Image-text web data
- Opening Delimiter -
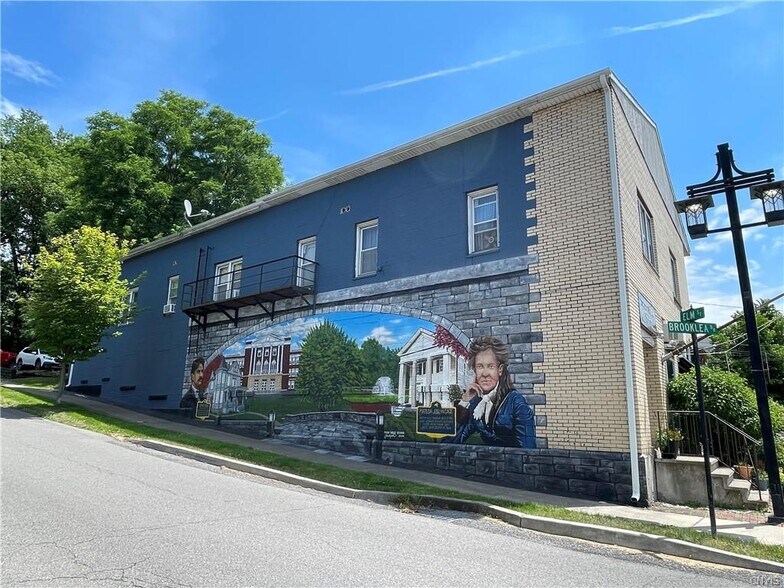 112 Brooklea Dr, Fayetteville, NY à louer - Photo de l’immeuble – Image 2 sur 11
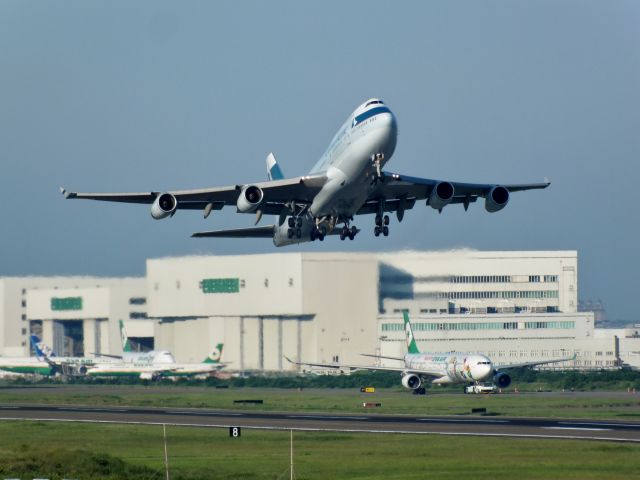 Boeing 747-400 (B-HUJ)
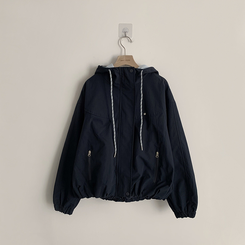 バイカラーフードウィンドブレーカー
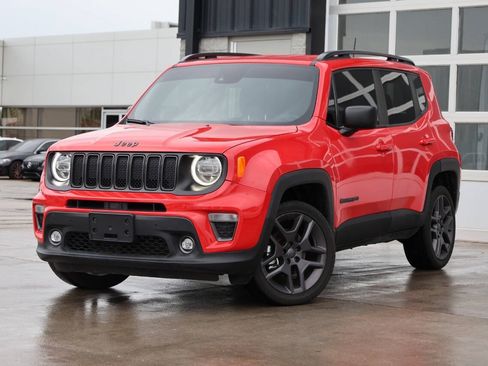 Used 2021 Jeep Renegade Latitude w/ Luxury Group II AWD/4WD image 3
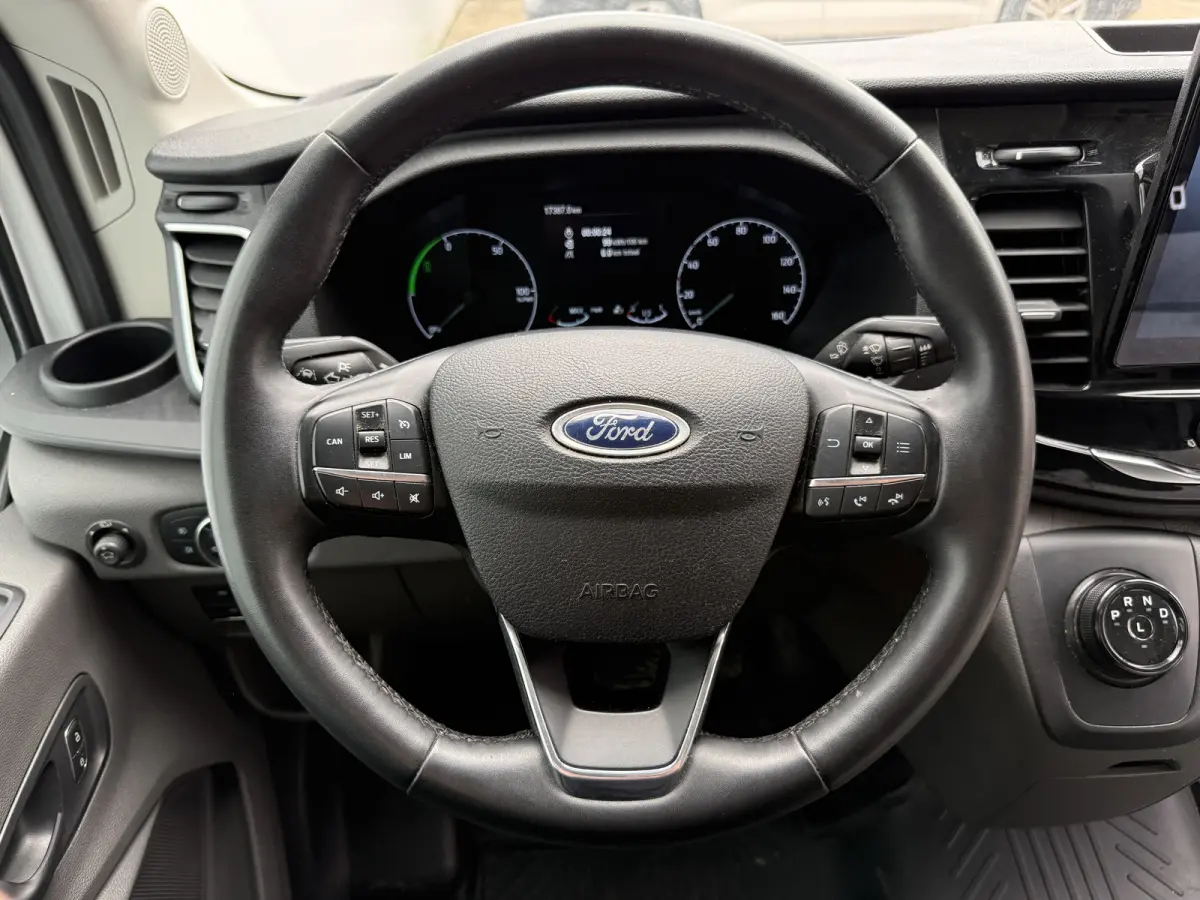 68kWh 184PK L2H2 317km WLTP 97,7% (SOH) BEV Snelladen Camera Cruise control Climate control Carplay Navigatie Parkeersensoren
- Closing Delimiter -
**What you should do:** Your reply should be the entries copied exactly, with all images omitted.

**Result of the exercise:**
 112 Brooklea Dr, Fayetteville, NY à louer - Photo de l’immeuble – Image 2 sur 11
 Boeing 747-400 (B-HUJ)
 バイカラーフードウィンドブレーカー
 Used 2021 Jeep Renegade Latitude w/ Luxury Group II AWD/4WD image 3
 68kWh 184PK L2H2 317km WLTP 97,7% (SOH) BEV Snelladen Camera Cruise control Climate control Carplay Navigatie Parkeersensoren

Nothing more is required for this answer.